# Ramen Pie!



## Habanolover (Feb 22, 2006)

This is a great snack that I learned about when I was a poor bachelor. Make sur you do not have to have your cholesterol levels checked the next day! :r

*Ramen Noodle Pie*

*Ingredients:*
2 packages of your favorite Ramen Noodles
Jalapeno slices
Chopped pickle (the hot pickles are best but a regular dill wil work)
2 Slim Jims (or Lil Smokey sausages X8) cut into 1/8 inch slices
Shredded cheddar chees (or any shreddd cheese you like
Chopped tomatoes, onions, and green peppers (or just used the canned mix)
1 can of Cheez Wiz
1 Bag of Doritos (or crackers)
1 Ziploc bag

*Instructions:*

Take 2 packages of Ramen Noodles (whatever flavor you prefer). Crush the brick until all the noodles are loose. Pour the noodles into the Ziploc bag and add the seasoning packets.
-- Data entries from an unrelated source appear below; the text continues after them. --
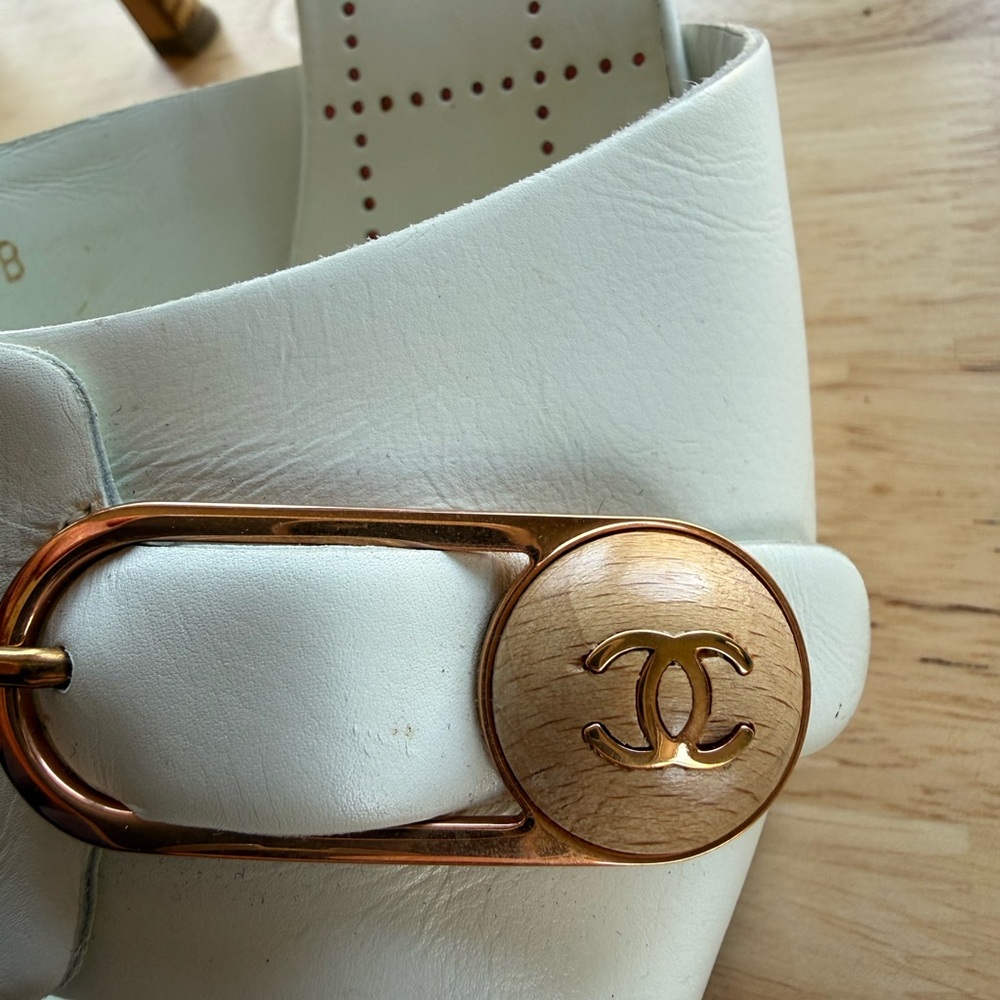 Chanel White Women's Slide heels with Gold Buckle - Picture 5 of 10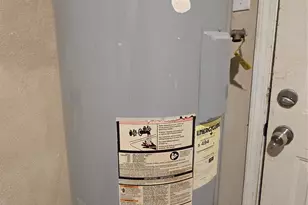 9603 Balsam Ln, Houston, TX 77078 - Photo 16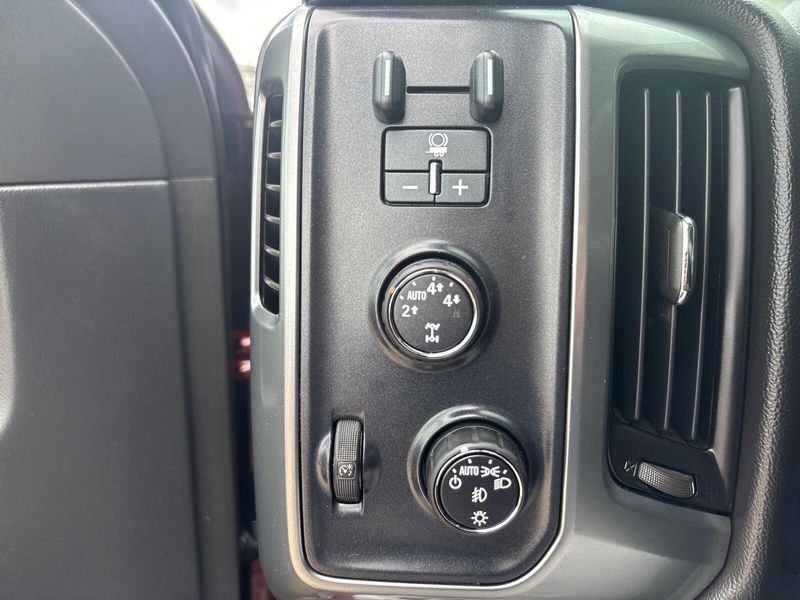 Used 2015 Chevrolet Silverado 1500 LTImage 15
Add some shredded cheese, tomato, onion, green pepper, jalapeno, pickle and the meat. Close the bag and get everything all mixed up.

Pour a little bit of very hot water into the bag and work it into the mixture. Keep adding the hot water until the mixture is wet but not soupy.

Close bag and lay flat on counter using your hands to pat down the mixture until it is about 1/2 to 1 inch thick all over.

Let sit covered with a towel about 15 minutes. When the mixture feels firm to the touch take a knife and cut open the bag. If you attempt to remove the pie from the bag it may fall apart but that is ok too.

Spread Cheeze Wiz all over the top and then sprinkle with some crumbled up Fritos or Doritos.

Dip into it with your Doritos or crackers and enjoy!

Refrigerate any leftovers and reheat in the microwave.


----------



## Cypress (Jun 27, 2007)

Any pics of this creation? I am almost scared to imagine what this looks like.


----------



## jledou (Jul 18, 2008)

:shocked: ummmm I won't knock it until I try it but ... umm yeah....


----------



## Pugsley (Jul 12, 2009)

I got chest pains just reading that. :faint:


----------



## suretolose (Jul 8, 2009)

You have got to be kidding me


----------



## fuente~fuente (May 11, 2009)

I donno man... Sounds pretty sketchy to me!:tape2:

Ahhh who am I kidding... I'd tear it up if I was hungry enough!:biggrin1:

Kinda reminds me of the "Twinkie Weiner Sandwich" from the Weird Al Yankovic movie "UHF" for some reason.:lol:

CLICK HERE!!!-->YouTube - UHF: Twinkie Wiener Sandwich<--CLICK HERE!!!

God I loved that movie!:biglaugh:


----------



## Stench (Aug 17, 2009)

I've eaten much worse than this on Boy Scout trips!

When I was a batchelor, I can remember going thru cabinets and making far scarier concoctions!

Sounds pretty good...heart attack in a bowl, but good!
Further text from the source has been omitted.